Editorias, Opinião

A diferença dos estilos de roupa nos géneros

Enquanto que a identidade de género se refere ao com que a pessoa se identifica – a nível da sua personalidade, podendo variar entre homem e mulher num espetro que contém uma diversidade de termos entre esses dois extremos infinita – , a expressão de género é a forma como essa identidade é apresentada, que pode ser masculina, feminina e andrógena. Essa comunicação é feita através de características físicas, como a roupa e o corte de cabelo, e é classificada segundo o que é visto como tradicionalmente masculino, feminino e andrógeno, não tendo uma relação necessária com a identidade de género e muito menos com o sexo.

O sexo depende da anatomia do indivíduo, dos seus cromossomas e das suas hormonas. Desse modo, uma pessoa pode ser macho, fêmea ou intersexo, ou seja, alguém cujo sexo possui características dos dois anteriores.

Assim sendo, seria de esperar que a moda se limitasse à expressão de género e rotulasse os seus estilos de roupa e acessórios como “masculino”, “feminino” e “andrógeno”. Mas quando eu entro numa loja não é isso que eu vejo e em seu lugar olho para os lados e deparo-me com a separação do local em apenas duas secções: a de homem e a de mulher.

Isto cria uma associação de expressões a identidades de género (masculino a homem e feminino a mulher), ignorando, não só a expressão andrógena, que raramente aparece comunicada nos sítios de venda, como todas as identidades de género à exceção de duas, binarizando e polarizando um espetro tridimensional, que vai desde a ageneridade (não existência de género) à fluidez de género (existência de vários na mesma pessoa).

Infelizmente, esta situação agrava-se quando nos apercebemos que essas secções não classificam só identidades de género mas sexos, ao fazerem a distinção de tipos de corpos para diferentes estilos de roupa.

O modo como a organização das lojas e da moda está feita, associando erradamente expressões de género a anatomias, reflete o pensamento atual (e já desde há bastante tempo) da nossa cultura, partilhado pela maioria das pessoas e visto como verdadeiro no geral, de que as pessoas de um certo sexo se identificam com o género que lhes é atribuído à nascença e que esse género tem inevitavelmente certas características e que essas têm de ser expressas na roupa, porque as pessoas desse género vão identificar-se mais com o estilo que lhes foi associado e porque as outras vão identificá-las melhor como pertencentes a esse género e consequentemente ao sexo que socialmente lhe foi correspondido.

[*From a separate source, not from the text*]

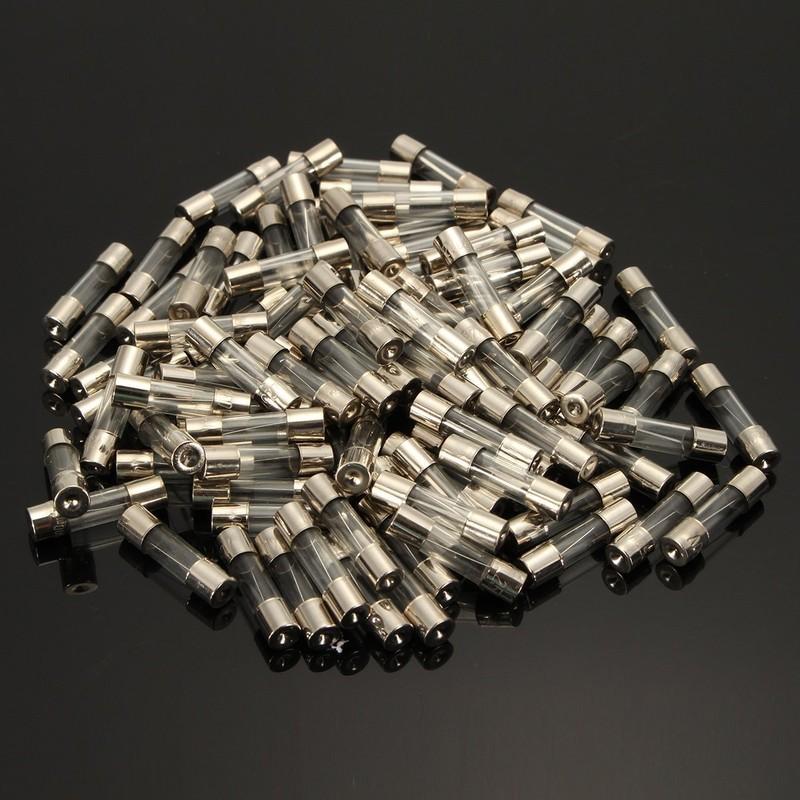 100Pcs 5x20mm Fast Blow 0.2A-15A Auto Car Truck Glass Tube Fuses Assorted Kit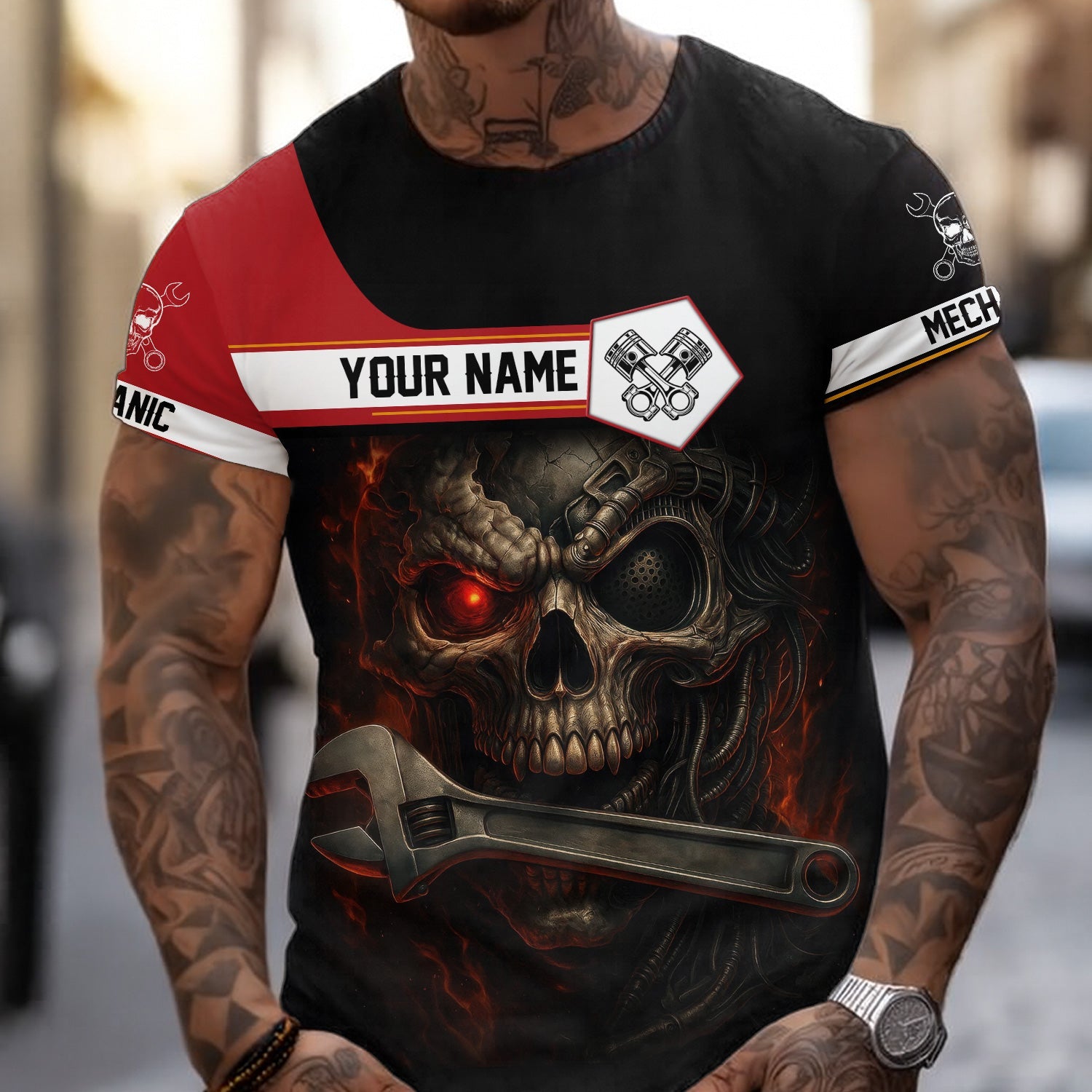 Blisscorners Custom Name Mechanic Shirt Cyber Skull with Wrench Design T Shirt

A complexidade da forma como se passa do sexo para a expressão de género e o inverso, percorrendo a identidade binarizada, é simplificada com os rótulos “secção de mulher” e “secção de homem”, que não só refletem o pensamento prático da maioria como o reforçam, porque a marca, a loja e as pessoas que criaram a loja demonstram que também pensam assim, tal como todos os consumidores que ali aparentam aceitar aquela nominalização e regem acriticamente a sua forma de compra de acordo com essa rotulização das secções; indiretamente é dito ao consumidor que esse pensamento está correto, e por ele o ver utilizado à sua volta ele sente-se integrado ao pensar de forma igual. E esse pensamento parece fazer ainda mais sentido quando isto acontece em praticamente todas as lojas de roupa, sendo que podemos mesmo quase dizer em todas, retirando raras exceções que têm aparecido principalmente mais recentemente.

Deste modo: discrimina-se as pessoas intersexo, cuja anatomia nem sempre se insere nas que são utilizadas como modelo standard na criação das roupas; discrimina-se as pessoas transgénero, cuja anatomia nem sempre se insere na que é feita corresponder ao seu género; e discrimina-se qualquer pessoa que tenha uma expressão de género diferente daquela que é associada à sua identidade e ao seu tipo de corpo.

Mas, apesar de vivermos numa sociedade cisnormativa, transfóbica e principalmente capitalista, em que a maioria dos negócios da moda reflete e reforça o silêncio das minorias de modo a manter os seus lucros, alguns não têm medo de quebrar esse ciclo, como é o caso das lojas VEEA, Saint Harridan e Fourteen, que, entre bastantes outras, cada vez mais aparecem atualmente e tentam fazer com que mais partes da população se sintam incluídas.